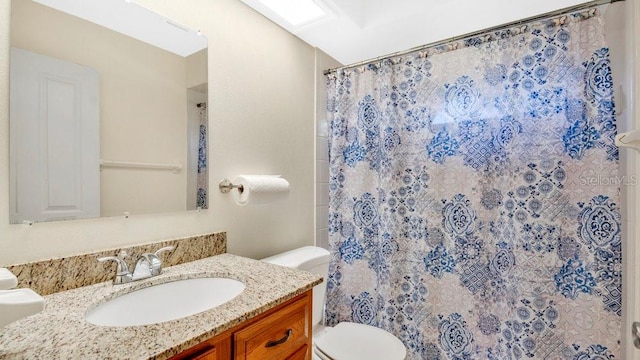 bathroom featuring a shower with shower curtain, toilet, and vanity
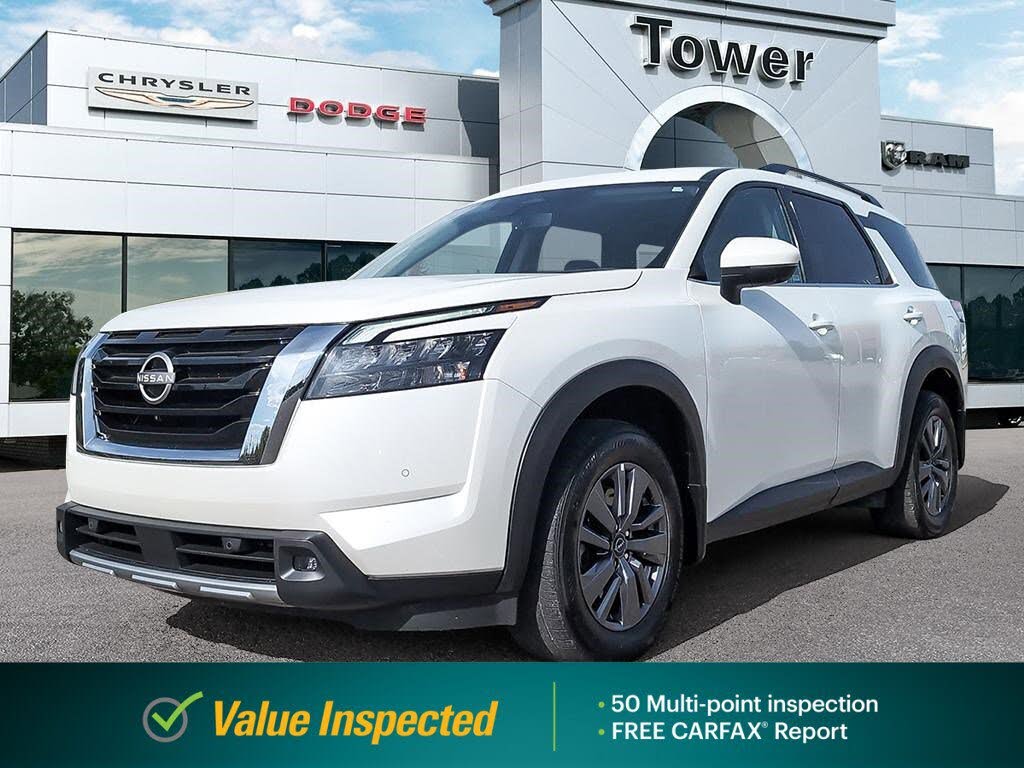 Nissan Pathfinder SV 4WD 2024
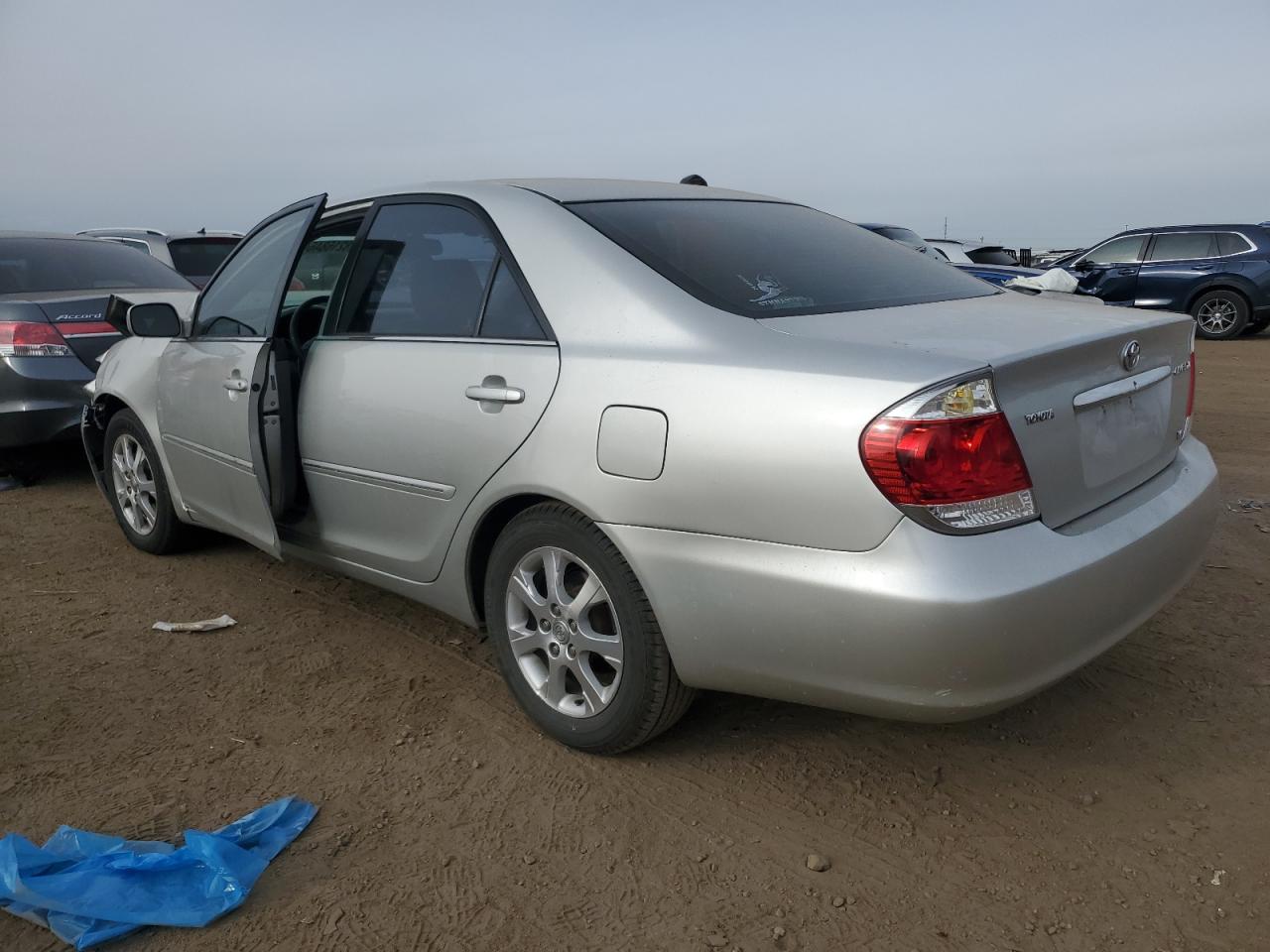 2005 Toyota Camry - Image 2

**YOUR TASK:** Output the listing above exactly, but leave its pictures behind.

**TASK SOLUTION:**
 bathroom featuring a shower with shower curtain, toilet, and vanity
 Nissan Pathfinder SV 4WD 2024
 2005 Toyota Camry - Image 2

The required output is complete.